Short web captions:
● ● ●
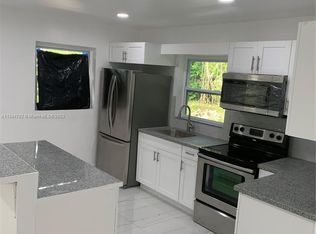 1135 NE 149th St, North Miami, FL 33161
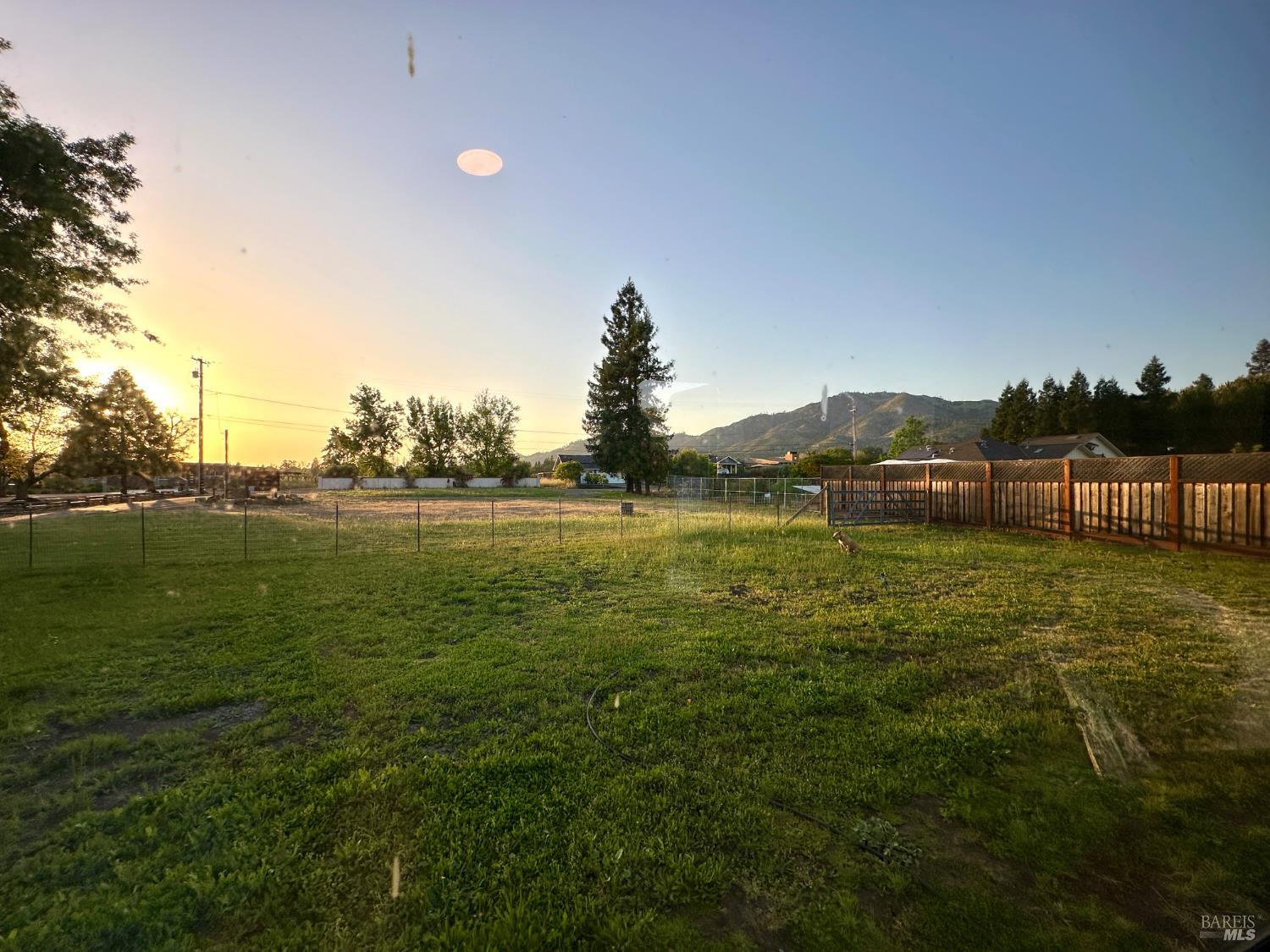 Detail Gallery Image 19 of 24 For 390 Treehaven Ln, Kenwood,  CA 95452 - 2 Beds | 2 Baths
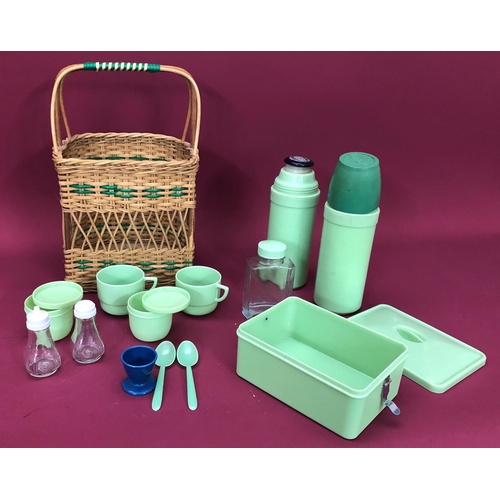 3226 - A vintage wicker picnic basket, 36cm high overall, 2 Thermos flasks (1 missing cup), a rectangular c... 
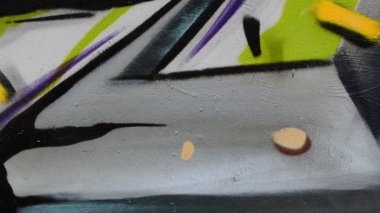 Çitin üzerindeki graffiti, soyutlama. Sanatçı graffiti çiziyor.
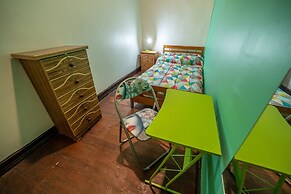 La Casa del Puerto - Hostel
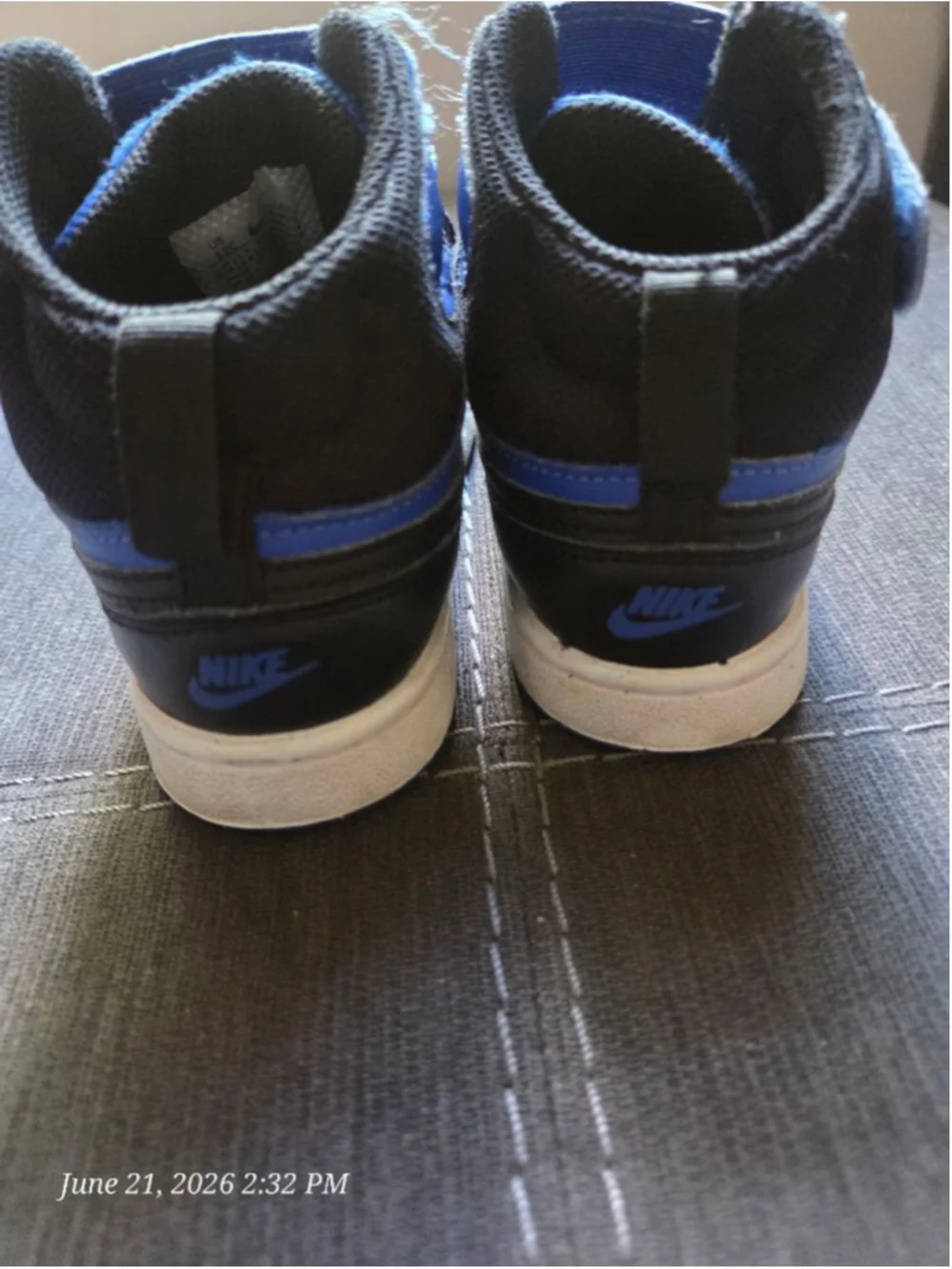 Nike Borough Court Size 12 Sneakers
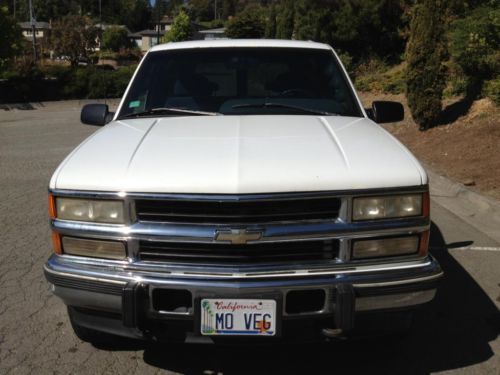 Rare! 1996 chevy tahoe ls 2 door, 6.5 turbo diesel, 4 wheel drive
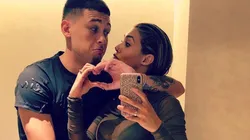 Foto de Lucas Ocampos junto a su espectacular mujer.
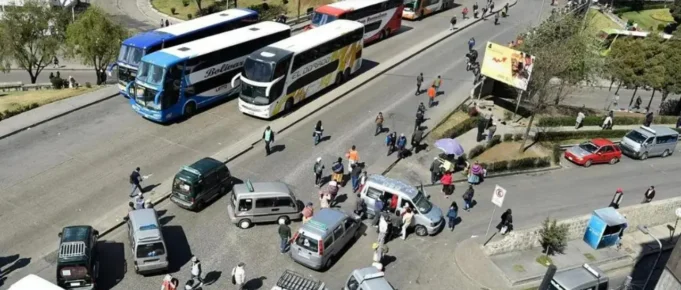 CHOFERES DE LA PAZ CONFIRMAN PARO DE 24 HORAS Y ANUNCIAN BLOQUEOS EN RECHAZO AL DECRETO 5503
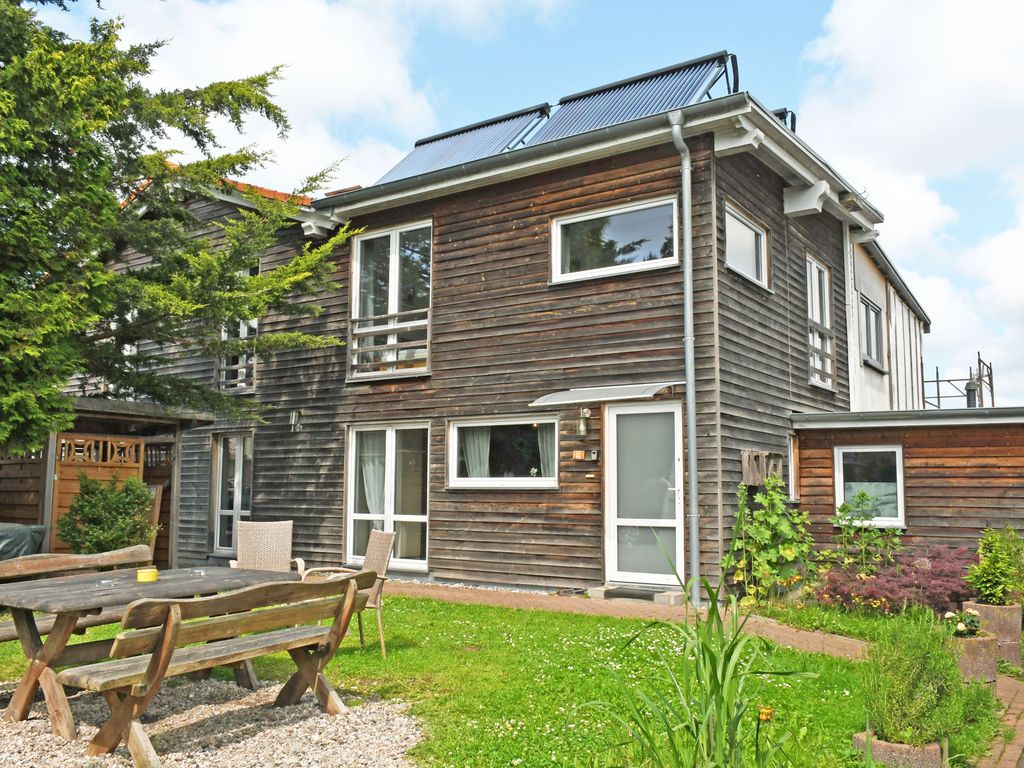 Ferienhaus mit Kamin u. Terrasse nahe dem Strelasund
● ● ●
Your answer should be the lines from the first record down to the line containing "Rare! 1996 chevy", restated exactly, with no pictures.

Solution below:
 1135 NE 149th St, North Miami, FL 33161
 Detail Gallery Image 19 of 24 For 390 Treehaven Ln, Kenwood,  CA 95452 - 2 Beds | 2 Baths
 3226 - A vintage wicker picnic basket, 36cm high overall, 2 Thermos flasks (1 missing cup), a rectangular c... 
 Çitin üzerindeki graffiti, soyutlama. Sanatçı graffiti çiziyor.
 La Casa del Puerto - Hostel
 Nike Borough Court Size 12 Sneakers
 Rare! 1996 chevy tahoe ls 2 door, 6.5 turbo diesel, 4 wheel drive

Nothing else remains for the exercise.